Ecco, io, in tutti questi giorni, non ho fatto altro che sentirmi quell’uomo di cartapesta: le menzogne che mi hanno raccontato per anni, mi hanno trasformato in un cattivo Pinocchio, spersonalizzandomi in ciò che adesso mi ritrovo ad essere.
Spero che tu non abbia frainteso quella volta alla mostra, quando ti ho detto che avevo paura di ciò che provavo: mi rendo conto che non era paura quella che sentivo, ma codardia, proprio come ti ho scritto all’inizio di questa lettera.
Ho sempre odiato i melodrammi, credimi: a me le cose piace dirle in faccia, apertamente, senza troppi giri di parole, tuttavia, questa volta, qualcosa mi blocca.
Adesso non posso più tentennare, Aurora, ho il dovere di dirti la verità: sono tuo fratello, il figlio che nostra madre ha avuto quando viveva in Belgio.

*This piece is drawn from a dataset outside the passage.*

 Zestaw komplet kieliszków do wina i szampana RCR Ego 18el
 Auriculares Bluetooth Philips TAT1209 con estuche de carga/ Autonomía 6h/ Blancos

Le mani tremanti reggono il foglio di carta bianca che, senza rendersene conto, all’improvviso si bagna di lacrime, insicure e copiose.
La forestiera si morde il labbro inferiore, stringe le mani ora umide di ansia e di sudore freddo.
In cuor suo, ha sempre saputo che quell’uomo portava con sé un mistero, un filo invisibile che li lega da quando sono nati, impossibile da tagliare, ma non voleva o non riusciva ad accettarlo.
Distoglie per un attimo lo sguardo, indecisa se continuare a leggere o se accartocciare quelle righe, solamente per gettarle lontano.
Si alza dal letto, il foglio abbandonato che cade per terra, leggiadro rispetto al massiccio carico che gli è stato impresso.
Cerca di calmarsi, fa un respiro profondo, poi un altro e un altro ancora.
Disperde lo sguardo oltre la finestra aperta, le tende bianche che s’infrangono come onde spumose sui vetri, per raggiungere la distesa calma e piatta del lago in lontananza.
Anche a lei manca quel pizzico di coraggio per continuare a leggere, ma l’incredulità prende il sopravvento e, per questo, decide di proseguire in quella rivelazione:


"Sai, quando ho scoperto la tua esistenza, quando lei mi ha rivelato di avere due sorelle, l’ho detestata, quasi odiata, perché non mi ha permesso di vivere insieme a voi, mi ha negato un’infanzia normale, come quella che immagino abbiate avuto tu e Silvia.
A proposito di nomi, non ti ho mentito quando mi sono presentato come Tommaso, mi chiamo veramente così, anche se so che nostra madre ti ha detto che mi chiamavo Edoardo, il nome che lei mi ha dato alla nascita, ma le persone con cui sono cresciuto, lo hanno voluto cambiare, ma non chiedermi per quale motivo, la verità non la so.
Sapevo, invece, che lei era mia madre: non me lo ha mai tenuto nascosto, sebbene nessuno mi abbia mai rivelato il perché sia cresciuto “segregato”, lontano da lei, da voi e da mio padre, che non so neppure che faccia abbia.
Quando dieci anni fa mi sono trasferito dal Belgio in Italia, sono andato a cercarla e, solo allora, ho saputo dell’esistenza tua e di Silvia, ma, anche in quella circostanza, lei mi ha impedito di rintracciarvi.
Si è persino inventata che vi eravate stabilite in Norvegia, chissà poi perché proprio in quel Paese ..."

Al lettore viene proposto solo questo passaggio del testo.